Scientists have successfully managed to wake a series of microbes that had remained “asleep” for at least 100 million years. The microbes that existed during the dinosaurs’ time have shown traces of growth in the latest studies.
A team of scientists in the US and Japan says that these prehistoric microorganisms began to grow and divide despite having entered an energy-saving state when dinosaurs were still walking on Earth.
The microbes belonged to ten different bacteria groups and were recovered from sediments mined in 2010 at the bottom of the South Pacific Gyre, one of the most deserted parts of the ocean in terms of nutrients.
“Our results suggest that microbial communities widely distributed in organic-poor abyssal sediment consist mainly of aerobes that retain their metabolic potential under extremely low-energy conditions for up to 101.5 million years,” write researchers in their study.
To obtain samples of the maximum possible depth, they drilled wells of up to 100 meters in the seabed at 5,700 meters below the surface.
The researchers, led by geomicrobiologist Yuki Morono of the Japan Marine Science and Technology Agency, incubated the sleeping microbes for 557 days in a laboratory.
Carbon and nitrogen sources such as ammonia, acetate, and amino acids were supplied to see if they subsequently succeeded in removing them from their torpor.
“It is surprising and biologically challenging that a large fraction of the microbes revived after being buried and trapped for so long in conditions of extreme nutrient and energy deficiency,” admits Morono.

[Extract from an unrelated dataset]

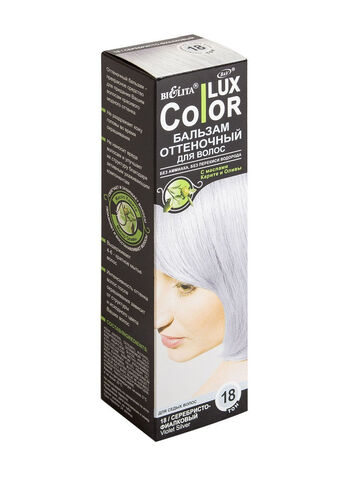 Белита Lux Color Бальзам оттеночный для волос тон №18, Серебристо-фиалковый 100 мл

Microbes are aerobic — they require oxygen to live — and oxygen was present in the sediment samples.
According to the researchers, this means that if sediments accumulate gradually on the seafloor, at a rate not exceeding a yard or two every million years, oxygen can remain present and allow these microorganisms to survive for extraordinary periods of time.
“I was skeptical at first, but we found that up to 99.1% of microbes in sediments deposited 101.5 million years ago were still alive and able to grow,” says study co-author Steven D’Hondt of the University of Rhode Island.
“Maintaining a physiological capacity for 100 million years in starving confinement is an impressive feature. We want to understand how these ancient microbes evolved, if at all.
This study shows that the subsoil is an excellent location to explore the limits of life on Earth, explain the researchers.
The paper describing the incredible characteristics of the microbes has been published in the Journal Nature Communications.
This is a great achievement since direct evidence of the physiological nature, and survival status of microbial cells in this extremely energy-poor setting is poorly documented.
In addition to proving how resistant some microbes on Earth are, the recent study helps us better understand the possibility of similar microbes existing on other planets or moons in our solar system.
Mars, for example, was likely a planet very similar to Earth in the past.
Although there is currently no evidence of present life on Mars, new exploratory missions of the red planet could help reveal whether such microbes could survive beneath the surface of Mars as well.